On the heels of the recent tragedy at Rutgers University when freshman Tyler Clementi jumped to his death, the proposed legislation builds on current laws that have not adequately protected students who are intimidated every day.
New Jersey’s Anti-Bullying Bill of Rights would:
- Apply to bullying at school, near school and on school buses and to cyberbullying.
- Require training for nearly all school employees on how to identify, prevent and report acts of intimidation
- Set deadlines for incidents of bullying to be reported, investigated and resolved. School personnel will have to report incidents of bullying to principals on the same day as the incidents. Principals will have to inform parents or guardians on the same day as the incidents.

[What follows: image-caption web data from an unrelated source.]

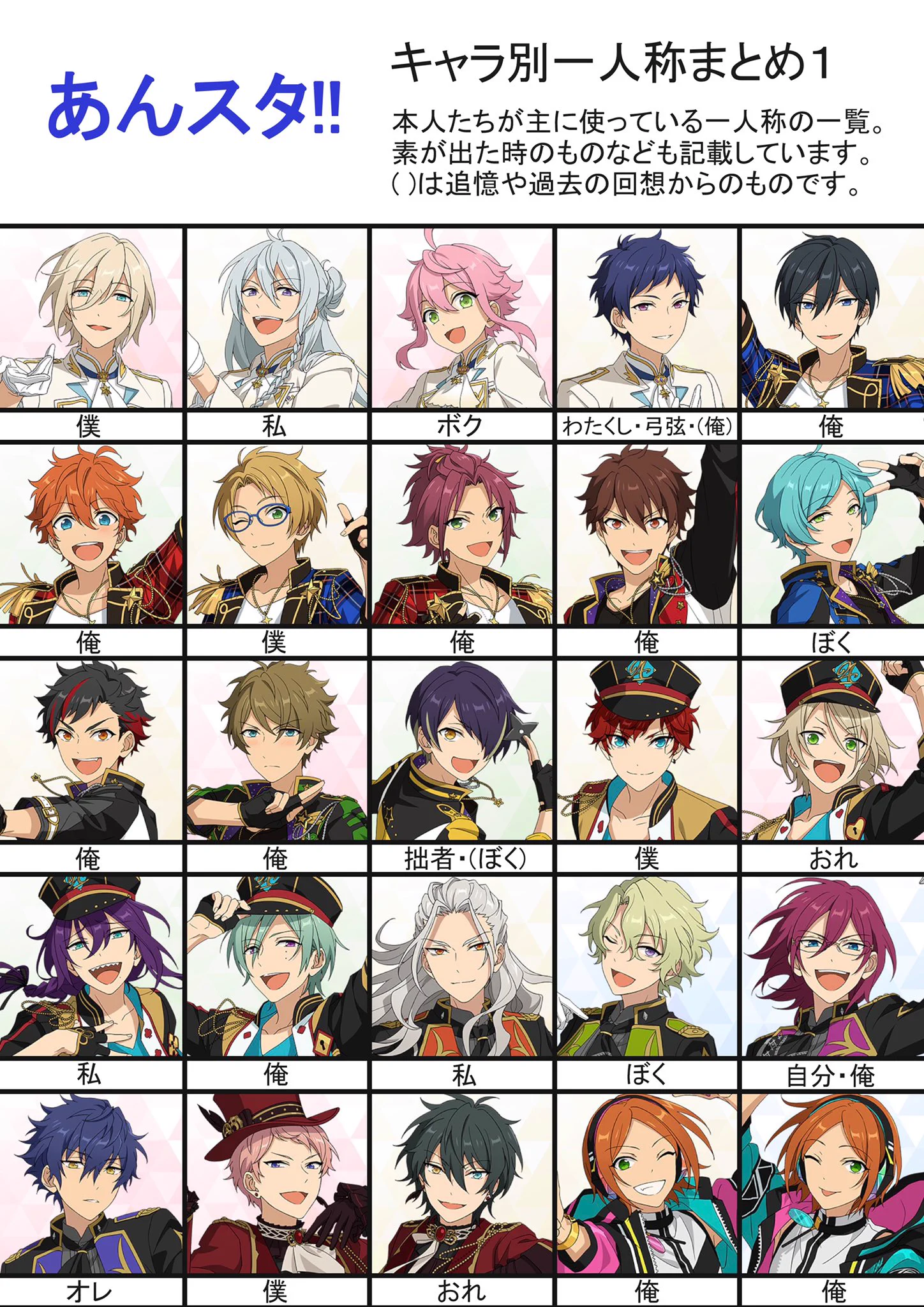 【2026年最新】あんスタキャラ一覧｜全ユニット・声優・関係性を完全網羅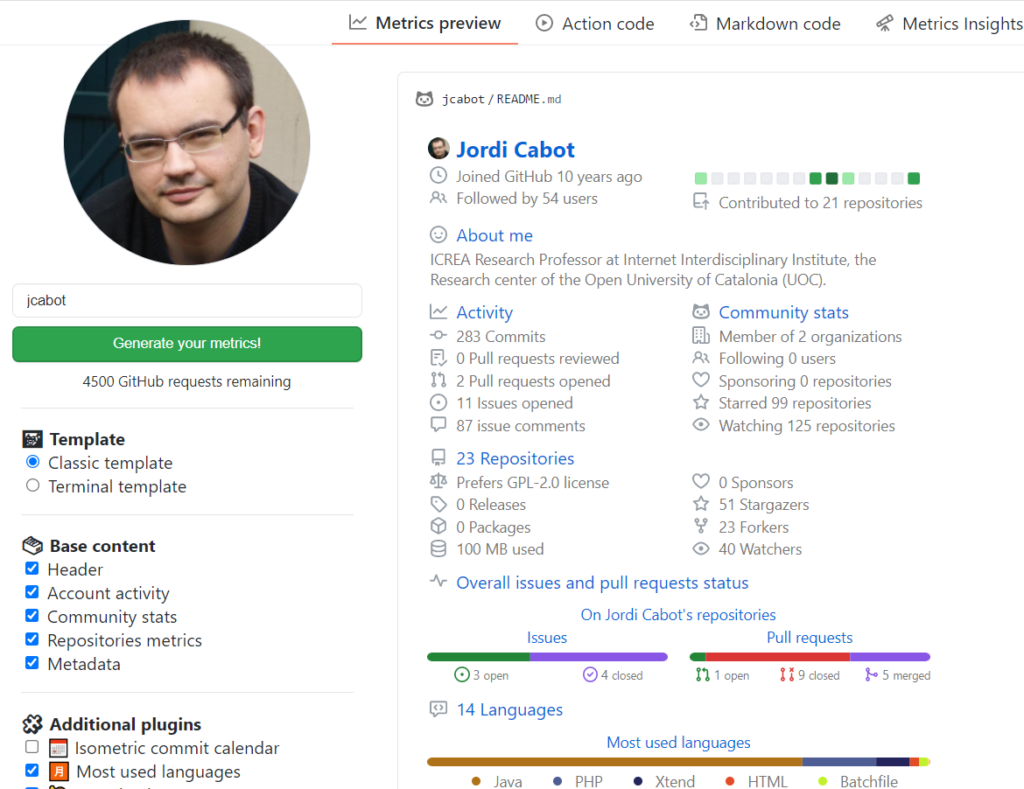 Some metrics from my GitHub ctivity
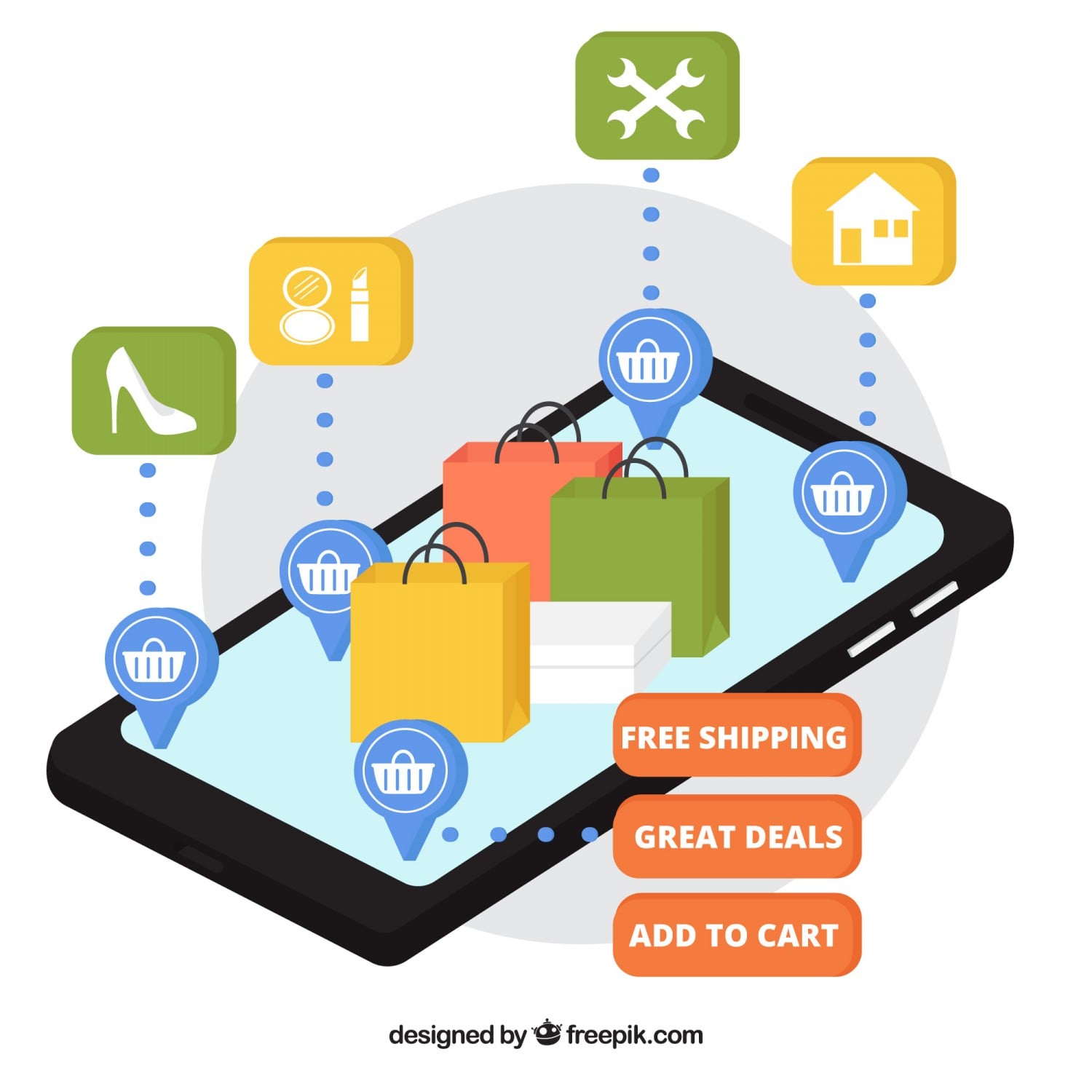 Electronic Commerce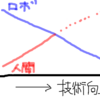 「人間になろうとするロボット」と「ロボットになろうとする人間」のハナシ
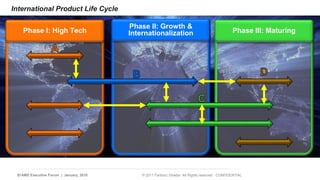 International Product Life Cycle 
Phase I: High Tech Phase II: Growth  
Internationalization Phase III: Maturing 
11 | AMD Executive Forum | January, 2010 © 2011 Fariborz Ghadar All Rights reserved - CONFIDENTIAL 
 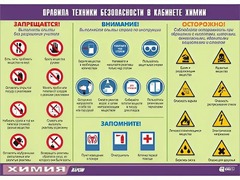 Таблица демонстрационная "Правила техники безопасности в кабинете химии" (винил 70х100) - fgospostavki.ru - Полевской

An investigation will have to begin within one school day of an incident and be resolved within 10 school days of an incident.
- Require each district to form a “school safety team” to review complaints, led by a counselor designated as an “anti-bullying specialist.”
- Provide for the grading of each school on its safety, and provide that each school must put that grade on the home page of its website.
- Create an annual school-wide Week of Respect during which school will provide anti-bullying programming.
- Strengthen suicide prevention training for teachers to include information on the relationship between bullying and suicide, and information on reducing the occurrence of suicide among students most at risk.
- Provides that public universities in the state must prohibit bullying and create anti-bullying rules and procedures for handling bullying, and distribute the rules and procedures to every university student within seven days of the start of the fall semester.
While most schools already have policies and procedures for anti-bullying and behavioral misconduct, what this bill will hopefully achieve is to encourage / require school leaders to help students, faculty and staff proactively identify and report suspicious incidents, bullying, violence, etc.
As we shared in a previous blog, 90% of the bystanders that witness bullying are not reporting incidents, which make prevention and intervention efforts almost impossible.. To prevent bullying and to meet federal regulatory obligations, school leaders must ensure that all faculty, school administrators, school security officers, school resource officers, counselors, parents, and students understand how and where to report incidents and that the incident reporting process is trusted.
Based on lessons learned from numerous bullying / harassment related incidents, anti-bullying legislation may help motivate school leaders and a possible Bullying Prevention Fund in the legislation may help with fiscal related challenges in schools.
Lessons learned also show that all the legislation in the world does not ensure that all appropriate people understand their roles and responsibilities to eliminate the hostile environment created by bullying / harassment and ensure that bullying / harassment does not recur.
The legislation is a step in the right direction, but saving lives and building a positive school environment will ultimately depend on better awareness and better accountability of the school’s living program.